|
|
|
|
|
|
| A Day in the Life - Day in Life 2 |
|
2:00 p.m. A few moments later, I heard a mother and baby chuckling and cooing in the waiting room. I laughed out loud at the contrast between my dark thoughts and these small explosions of joy. "Sitter cancelled at the last minute," Nancy grinned, bouncing her year-old son on her lap as I greeted her. I always enjoyed seeing Matthew. But after sitting with Stella, Suzanne, and Alan, I took extra pleasure in his liveliness. Over the past few years, Nancy had endured much: fertility treatments, a hard-won pregnancy, a difficult labor, and then, when she should have been breast feeding, a double mastectomy. Years ago, Matthew wouldn't have been born, and Nancy wouldn't have survived cancer. But here they were, mother and child, laughing together. We sat on the floor, Matthew busily exploring while Nancy talked of the quiet pleasure she was finding in her baby and her life, touching her soft, new curls as she spoke. I reminded her of how far she'd come in recent years: she'd found a boyfriend, married, borne a child, recovered her health—all blessings she'd once thought were beyond her reach. I offered a toast to life—"L'chaim!"—and we laughed, clinking together glasses of cold water. Yet after she left, I wondered: had Nancy come here today to look back and celebrate her successes? or had I led her there, my own soul struggling to grasp life over death? I'm not sure. But when I glimpsed my face in the small mirror on my office wall, I radiated joy.

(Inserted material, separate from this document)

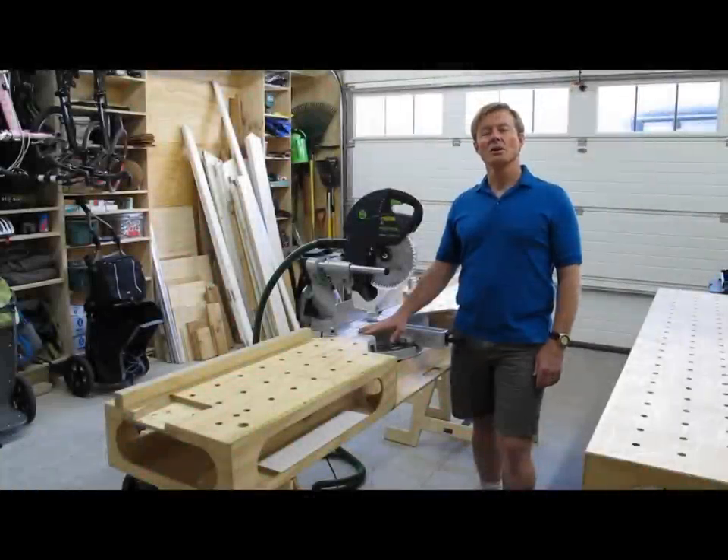Hi, I'm Ron Polk, home builder and finished carpenter, and this is the Ultimate Miter Stand.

3:00 p.m. Next hour: a session with Joel, a successful businessman changing careers in his fifties. He was doing well with this transition; I expected no heavy drama. But as he sat down, he surprised me by reaching for a tissue. "I saw a baby in the elevator," he began, his eyes bright with tears. "I haven't talked about this before, but I'm afraid of never getting close to my new grandson. I'm afraid my son will keep him away because he's so angry with me." For the next hour, Joel used tissue after tissue as he spoke of his estrangement from his own father, his yearning for family closeness, and his terror of dying alone as his father had. Please, day, be done! Even the joyous presence of a baby had triggered an exploration of loss and death. But why was I so discombobulated by this topic today? I'm no stranger to death. As an 11-year-old, I babysat a 6-year-old neighbor who had leukemia. I can still see David, skin over bones, propped up on pillows in his plastic oxygen tent. I'd unzip the tent door and slip my hands through to color with him, or to turn the pages of a book we'd read together. Then one day, my mother told me she had something sad to tell me. David was gone. Since then, I'd weathered plenty of "Sit down; I have something to tell you" moments. Grandma's death, of course. I'd grieved my father's passing, and had said final good-byes to several other relatives and two close friends. Currently, I was seeing clients who were struggling with the deaths of elderly parents, sisters, friends, and their own mortality in the abstract. But today was different, in a way I still didn't understand.